Image-caption web data:
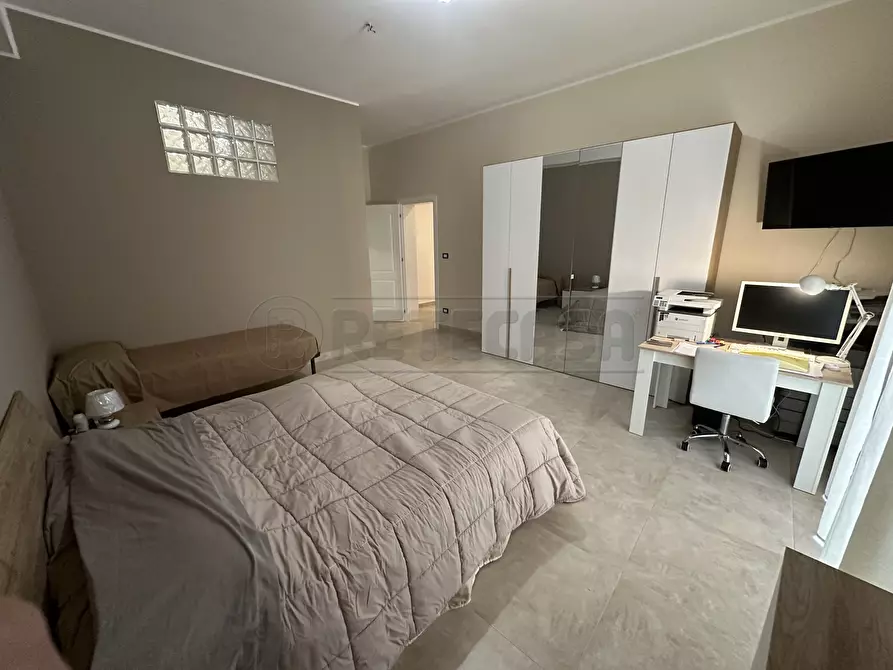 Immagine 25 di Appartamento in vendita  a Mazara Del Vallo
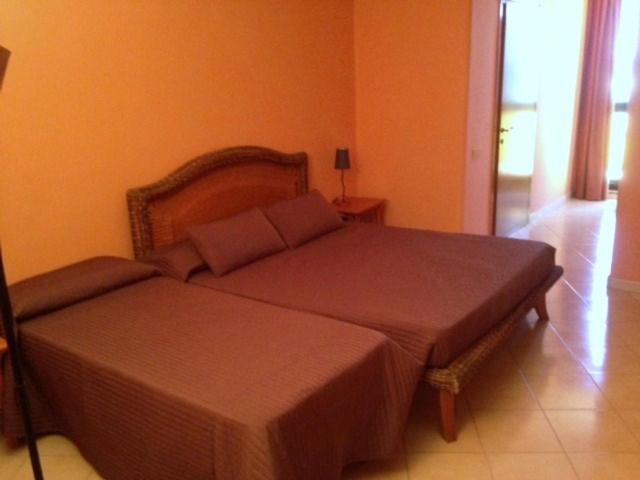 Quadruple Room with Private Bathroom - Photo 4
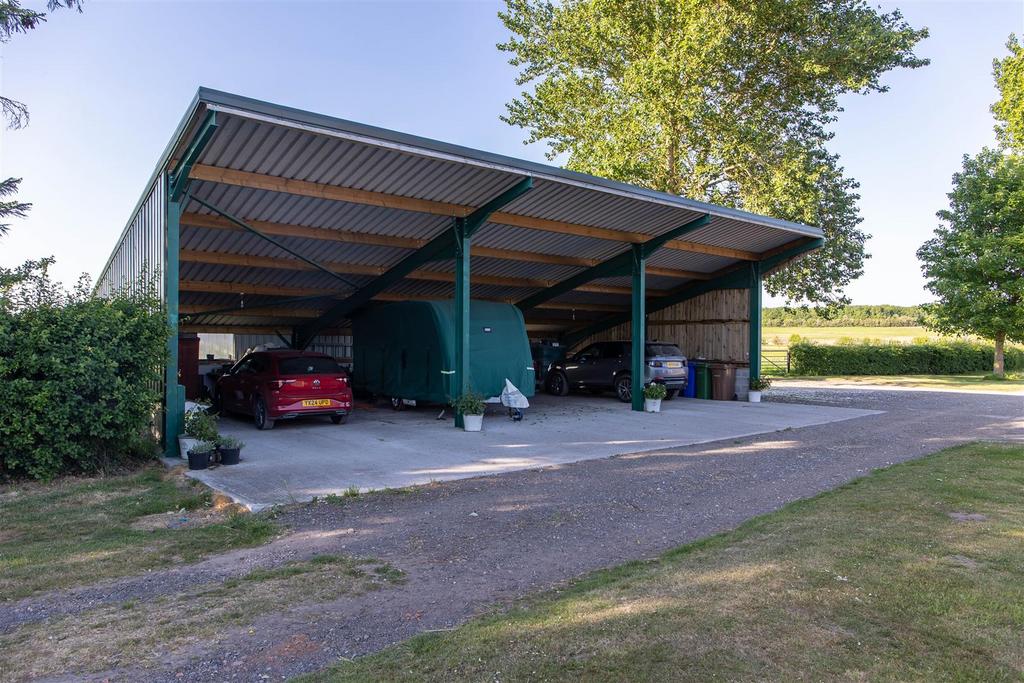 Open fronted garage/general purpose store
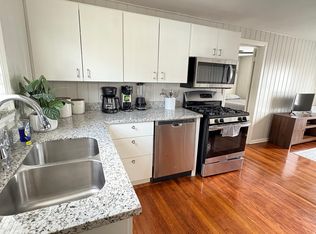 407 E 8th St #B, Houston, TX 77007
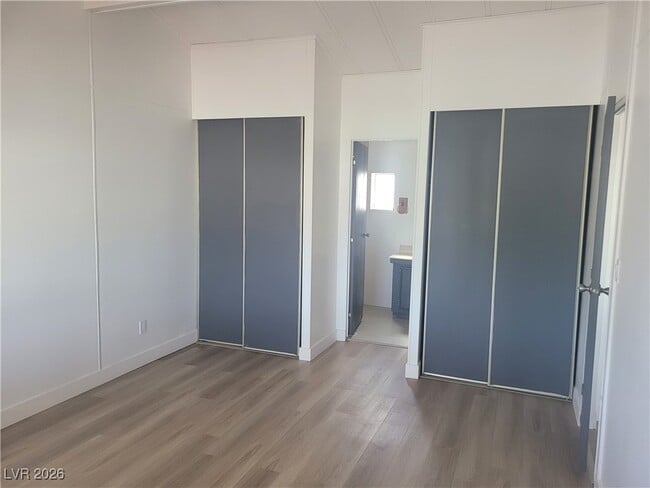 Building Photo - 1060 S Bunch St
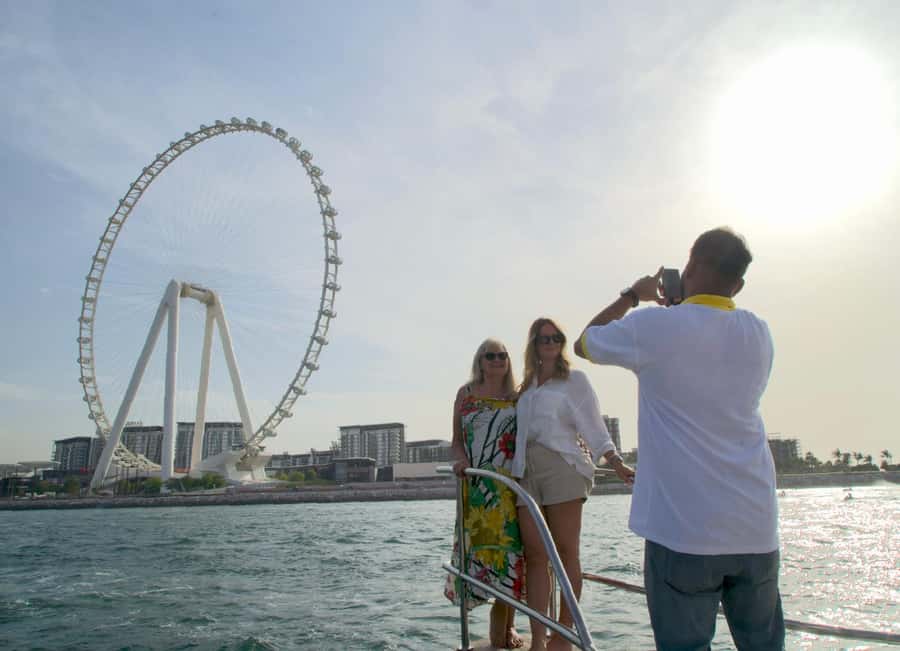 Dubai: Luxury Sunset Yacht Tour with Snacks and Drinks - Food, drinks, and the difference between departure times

— EXERCISE AIM —
No pictures belong in the copy. Transcribe every entry exactly.

— THE ANSWER —
 Immagine 25 di Appartamento in vendita  a Mazara Del Vallo
 Quadruple Room with Private Bathroom - Photo 4
 Open fronted garage/general purpose store
 407 E 8th St #B, Houston, TX 77007
 Building Photo - 1060 S Bunch St
 Dubai: Luxury Sunset Yacht Tour with Snacks and Drinks - Food, drinks, and the difference between departure times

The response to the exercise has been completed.